Collected data entries
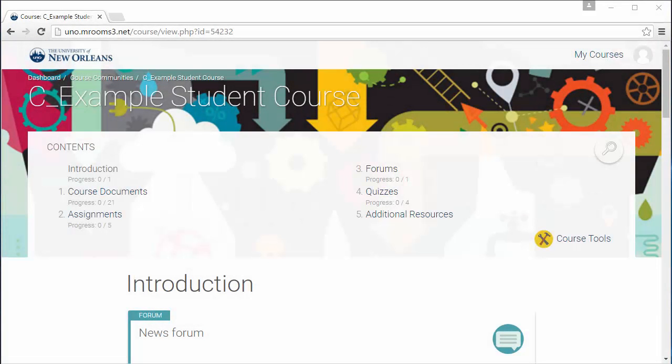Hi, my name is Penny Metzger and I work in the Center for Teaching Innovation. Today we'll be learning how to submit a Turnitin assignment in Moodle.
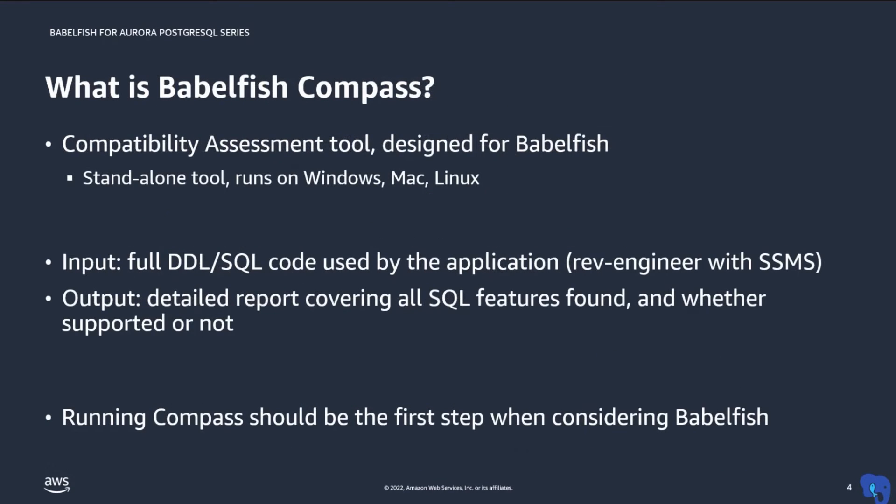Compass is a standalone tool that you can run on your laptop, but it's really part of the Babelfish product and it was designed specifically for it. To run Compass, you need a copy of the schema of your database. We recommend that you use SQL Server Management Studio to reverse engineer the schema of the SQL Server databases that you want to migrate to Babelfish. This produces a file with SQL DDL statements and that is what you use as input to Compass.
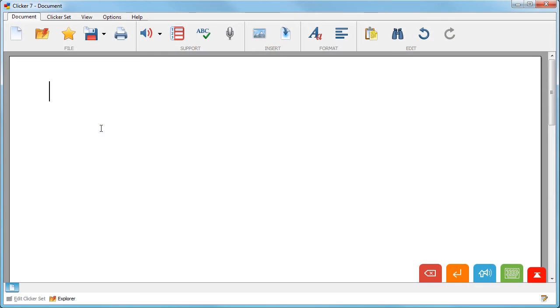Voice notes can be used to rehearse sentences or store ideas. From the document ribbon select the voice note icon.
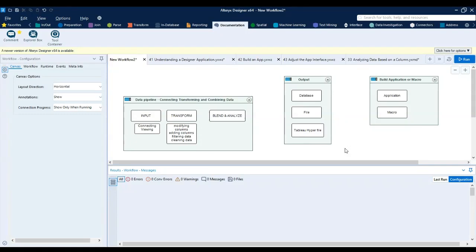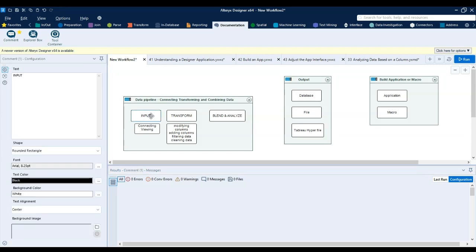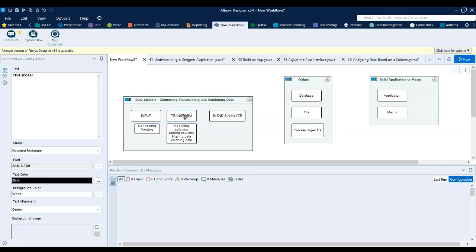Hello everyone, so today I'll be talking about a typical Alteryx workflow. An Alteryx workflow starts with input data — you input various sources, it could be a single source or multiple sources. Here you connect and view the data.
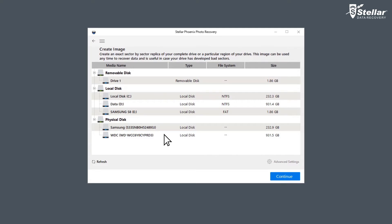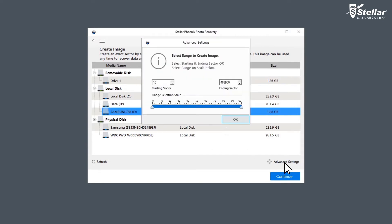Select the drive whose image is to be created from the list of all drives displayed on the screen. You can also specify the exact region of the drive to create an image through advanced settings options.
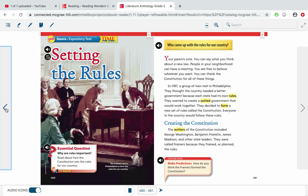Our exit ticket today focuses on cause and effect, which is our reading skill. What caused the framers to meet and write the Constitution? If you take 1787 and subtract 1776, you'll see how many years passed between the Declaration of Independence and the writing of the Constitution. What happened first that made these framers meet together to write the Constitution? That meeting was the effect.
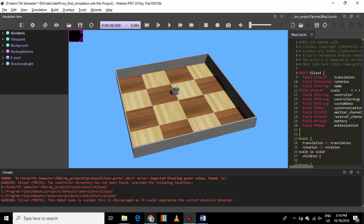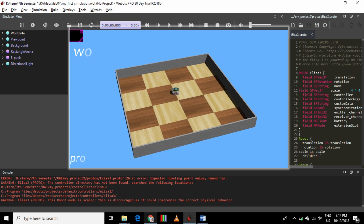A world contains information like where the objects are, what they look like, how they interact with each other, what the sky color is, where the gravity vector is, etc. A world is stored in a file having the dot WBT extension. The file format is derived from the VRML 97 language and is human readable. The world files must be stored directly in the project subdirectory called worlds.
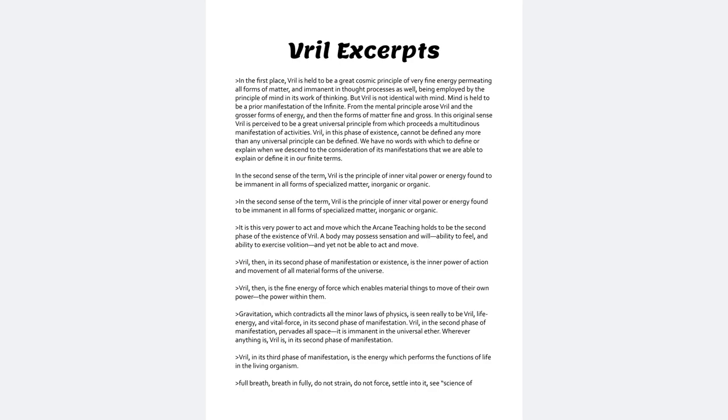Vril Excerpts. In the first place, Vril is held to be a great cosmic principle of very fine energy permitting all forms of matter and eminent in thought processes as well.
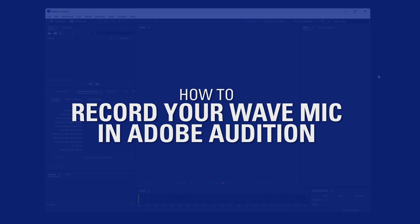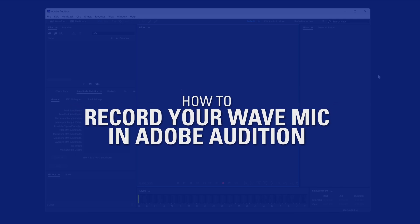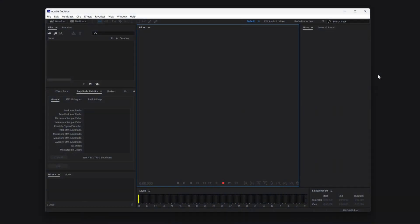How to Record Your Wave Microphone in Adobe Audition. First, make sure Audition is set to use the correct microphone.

§ **What is required**
Would you return the data exactly as written, without the pictures?

§ **Task answer**
Hi, my name is Penny Metzger and I work in the Center for Teaching Innovation. Today we'll be learning how to submit a Turnitin assignment in Moodle.
Compass is a standalone tool that you can run on your laptop, but it's really part of the Babelfish product and it was designed specifically for it. To run Compass, you need a copy of the schema of your database. We recommend that you use SQL Server Management Studio to reverse engineer the schema of the SQL Server databases that you want to migrate to Babelfish. This produces a file with SQL DDL statements and that is what you use as input to Compass.
Voice notes can be used to rehearse sentences or store ideas. From the document ribbon select the voice note icon.
Hello everyone, so today I'll be talking about a typical Alteryx workflow. An Alteryx workflow starts with input data — you input various sources, it could be a single source or multiple sources. Here you connect and view the data.
Select the drive whose image is to be created from the list of all drives displayed on the screen. You can also specify the exact region of the drive to create an image through advanced settings options.
Our exit ticket today focuses on cause and effect, which is our reading skill. What caused the framers to meet and write the Constitution? If you take 1787 and subtract 1776, you'll see how many years passed between the Declaration of Independence and the writing of the Constitution. What happened first that made these framers meet together to write the Constitution? That meeting was the effect.
A world contains information like where the objects are, what they look like, how they interact with each other, what the sky color is, where the gravity vector is, etc. A world is stored in a file having the dot WBT extension. The file format is derived from the VRML 97 language and is human readable. The world files must be stored directly in the project subdirectory called worlds.
Vril Excerpts. In the first place, Vril is held to be a great cosmic principle of very fine energy permitting all forms of matter and eminent in thought processes as well.
How to Record Your Wave Microphone in Adobe Audition. First, make sure Audition is set to use the correct microphone.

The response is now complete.